39. The apparatus of claim 29, further comprising a network training module for training a neural network, comprising:

the system comprises a sample acquisition unit, a processing unit and a display unit, wherein the sample acquisition unit is used for acquiring a sample image, and the sample image comprises sight line direction marking information;

the sample detection unit is used for carrying out face region detection and face key point detection on the sample images and obtaining a face sample image and an eye region sample image according to the detection result, wherein the face image comprises a face region sample image and/or a face shape sample image, and the eye region image comprises a left eye sample image and a right eye sample image;

and the first training unit is used for inputting the face sample image and the eye area sample image into an initial neural network for training and constructing the pre-trained neural network, wherein the initial neural network comprises a first binocular information branch, a first monocular information branch and a first confidence coefficient branch.

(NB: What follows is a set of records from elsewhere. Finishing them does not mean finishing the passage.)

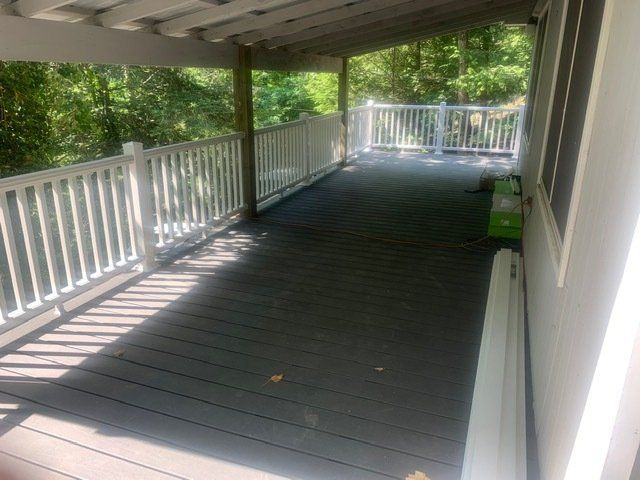 A large covered porch with a white railing and a window.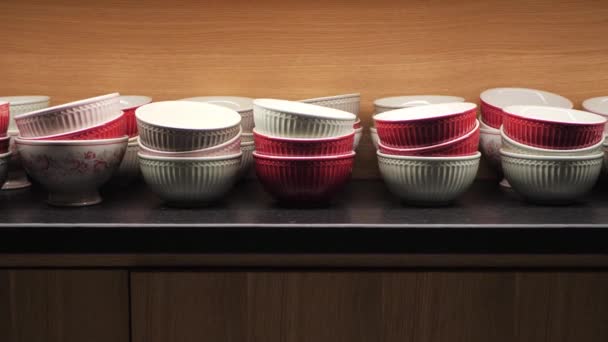 Červené a bílé keramické misky v dřevěné kuchyňské skříni. Stolní nádobí osvětlené shora ve skříni moderního interiéru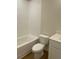 Bathroom featuring a soaking tub with white subway tile and a modern toilet at 445 Firefly Cir # 40, Alpharetta, GA 30009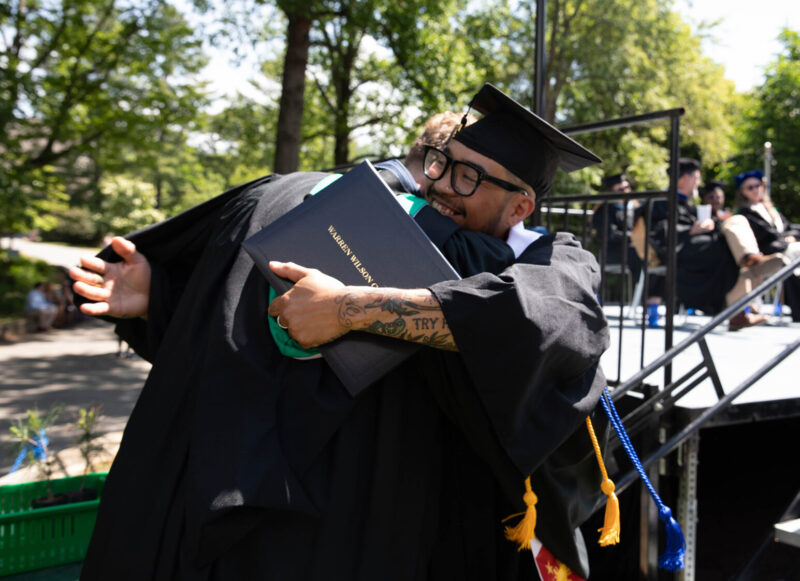 A grad hugs Dean of Work Paul Bobbit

40. The apparatus of claim 39, wherein the first training unit comprises:

the sample prediction subunit is used for inputting the face sample image and the eye area sample image into the initial neural network to obtain predicted sight direction information and predicted left and right eye visible information;

a first parameter adjusting subunit, configured to adjust parameters of the first binocular information branch and the first monocular information branch of the initial neural network according to a difference between the predicted gaze direction information and the gaze direction labeling information;

and the second parameter adjusting subunit is used for performing unsupervised learning training on the first confidence coefficient branch according to the predicted sight direction information and the predicted left-right eye visible information, and adjusting the parameters of the first confidence coefficient branch.

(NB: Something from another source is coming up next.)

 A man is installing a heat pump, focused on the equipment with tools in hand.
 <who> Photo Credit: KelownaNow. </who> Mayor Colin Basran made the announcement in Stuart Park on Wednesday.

41. The apparatus of claim 39, wherein the sample acquiring unit comprises:

a capturing subunit, wherein a first camera, a second depth camera and a third depth camera simultaneously capture images of a user looking at a viewpoint label to obtain a first image, a second image and a third image, wherein the first camera and the second depth camera are in the same orientation, and the first camera and the third depth camera are in opposite orientations;

a positioning subunit, configured to determine, according to the second image and the third image, a position of a pupil of the user in the second depth camera coordinate system and a position of the viewpoint label in the third depth camera coordinate system, respectively;

and the annotation determining subunit is configured to determine, according to the pre-calibrated position relationship among the first camera, the second depth camera, and the third depth camera, the position of the pupil of the user in the second depth camera coordinate system and the position of the viewpoint label in the third depth camera coordinate system, gaze direction annotation information of the user in the first camera coordinate system.

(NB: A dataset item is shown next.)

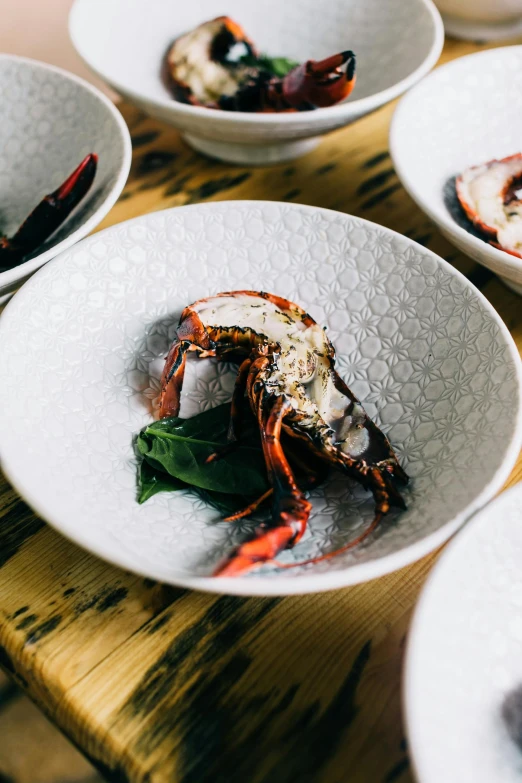 a close up of plates of food on a table, a portrait, unsplash, mingei, lobster, bowl, charred, patterned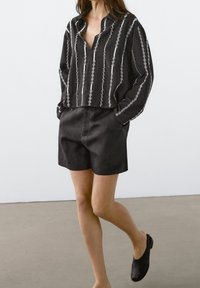 Black and white long-sleeve shirt with vertical stitching pattern, paired with black shorts and black slip-on shoes. Smooth, textured fabric.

42. The apparatus of claim 41, wherein the label determination subunit comprises:

establishing a first positional relationship between the first camera and the second depth camera through a single-sided calibration plate;

establishing a second positional relationship between the first camera and the third depth camera via a two-sided calibration plate.

43. The apparatus of claim 39, wherein the sample acquiring unit comprises:

and the voice subunit is used for receiving and recognizing voice information, and when the voice information contains a capture instruction, the first camera, the second depth camera and the third depth camera simultaneously capture images of the user gazing viewpoint label.

44. A storage medium characterized by comprising a stored program, wherein an apparatus in which the storage medium is located is controlled to execute the gaze direction detecting method of any one of claims 1 to 26 when the program is run.

45. An electronic device, comprising:

a processor; and

a memory for storing executable instructions of the processor;

wherein the processor is configured to perform the gaze direction detection method of any one of claims 1 to 26 via execution of the executable instructions.